The cyber–maritime security nexus and priorities for UK–Australia–ASEAN cooperation
31 Mar 2022| and

The UK government’s Integrated review of security, defence, development and foreign policy presents the Indo-Pacific as a region of increasing geopolitical and economic importance over the next decade and suggests that competition will play out in ‘regional militarisation, maritime tensions and contest over the rules and norms linked to trade and technology’.

The contested and congested oceans and connectivity links that make up the Indo-Pacific form an epicentre of great-power competition in which Southeast Asia is central.

Closer engagement with ASEAN states is therefore an essential part of a strategy that seeks to position the UK as a global actor in the era of strategic competition. But Britain is not alone, and an increasing number of other European countries are reasserting their positions in the region too.

Following the British government’s announcement of its Indo-Pacific tilt, in 2021 the UK became the newest ASEAN dialogue partner (Australia was the first, in 1974) and deployed a carrier strike group  to tour the Indo-Pacific. Operation Fortis was the UK’s largest operational naval deployment to Asia since the 1997 handover of Hong Kong.

In the wake of the AUKUS announcement and in light of the UK’s broader maritime ambitions, how can the UK work with Australia to contribute to maritime security in the Indo-Pacific? What can they jointly bring to this crowded space? And how can ‘external powers’ engage with ASEAN states in areas of common interest while circumventing sensitivities and avoiding raising tensions?

In a new ASPI report, released today, UK, Australia and ASEAN cooperation for safer seas: a case for elevating the cyber–maritime security nexus, we identify cybersecurity and technology capacity-building as priorities for UK–Australia–ASEAN cooperation in maritime security. This is a value-adding area that draws on the strengths of the UK and Australia to foster partnerships with non-military actors and addresses civilian-related aspects of maritime security.

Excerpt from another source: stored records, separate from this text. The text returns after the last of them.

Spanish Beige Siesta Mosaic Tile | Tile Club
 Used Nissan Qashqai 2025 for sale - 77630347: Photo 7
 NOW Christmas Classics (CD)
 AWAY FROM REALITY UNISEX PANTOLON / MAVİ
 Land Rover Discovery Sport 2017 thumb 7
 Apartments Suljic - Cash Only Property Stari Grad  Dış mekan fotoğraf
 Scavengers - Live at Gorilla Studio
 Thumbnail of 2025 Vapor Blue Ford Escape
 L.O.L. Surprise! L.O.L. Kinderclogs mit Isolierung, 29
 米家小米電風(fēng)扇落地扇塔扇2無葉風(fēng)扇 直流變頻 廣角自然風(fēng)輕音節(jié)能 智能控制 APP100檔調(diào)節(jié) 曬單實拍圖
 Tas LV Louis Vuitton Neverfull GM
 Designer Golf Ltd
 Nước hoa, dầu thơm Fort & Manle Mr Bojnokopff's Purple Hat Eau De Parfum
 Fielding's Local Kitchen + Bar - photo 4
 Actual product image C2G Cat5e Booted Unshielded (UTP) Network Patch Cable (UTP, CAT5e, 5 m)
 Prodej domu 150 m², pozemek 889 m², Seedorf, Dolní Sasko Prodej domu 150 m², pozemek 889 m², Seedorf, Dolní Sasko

The list of cyber incidents affecting maritime security is slowly but steadily growing and includes the malfunctioning of critical control systems, the exfiltration of sensitive data, the manipulation of systems to allow trafficking and smuggling to occur unnoticed, commercial and military espionage, spoofing of navigation systems, and manipulation of identification transmissions. While digitisation and automation of processes have been a priority for the maritime industry, cybersecurity has been lagging other comparable critical sectors of the global economy.

A first steppingstone for cybersecurity capability is access to incident-response resources. Some initiatives have been undertaken, including by Singapore’s port authority and maritime-focused cybersecurity companies, but altogether these efforts are just a drop in the ocean, given the magnitude of Southeast Asia’s maritime activity and the lack of an industry- and region-wide approach to and apprehension of the risk.

Risks aside, digital and emerging technologies are presenting marine industries with huge potential. Access to ‘maritime big data’, in combination with applications based on artificial intelligence and machine learning, will help to inform decisions on the most efficient routing; precise and reliable forecasting of scheduled arrivals; docking, off-boarding, load forwarding and reloading; and insurance of risks related to maintenance and accidents.

The Verumar project in the Philippines identified nine groups of technologies that are disrupting conventional fishing and other marine economic activities. Collecting and analysing meteorological, oceanographic and hydrographic data is helping efforts to support responsible fishing and combat illegal, unreported and unregulated fishing; track of maritime pollution; and monitor maritime economic resources and biodiversity.

Strengthening capabilities for maritime domain awareness through the adoption of digital technologies serves joint UK–Australia–ASEAN interests and their respective industries. The UK and Australia would be well placed to take responsibility for standard-setting in the development and deployment of these emerging technologies so that they reflect shared norms and the needs of the Indo-Pacific maritime community.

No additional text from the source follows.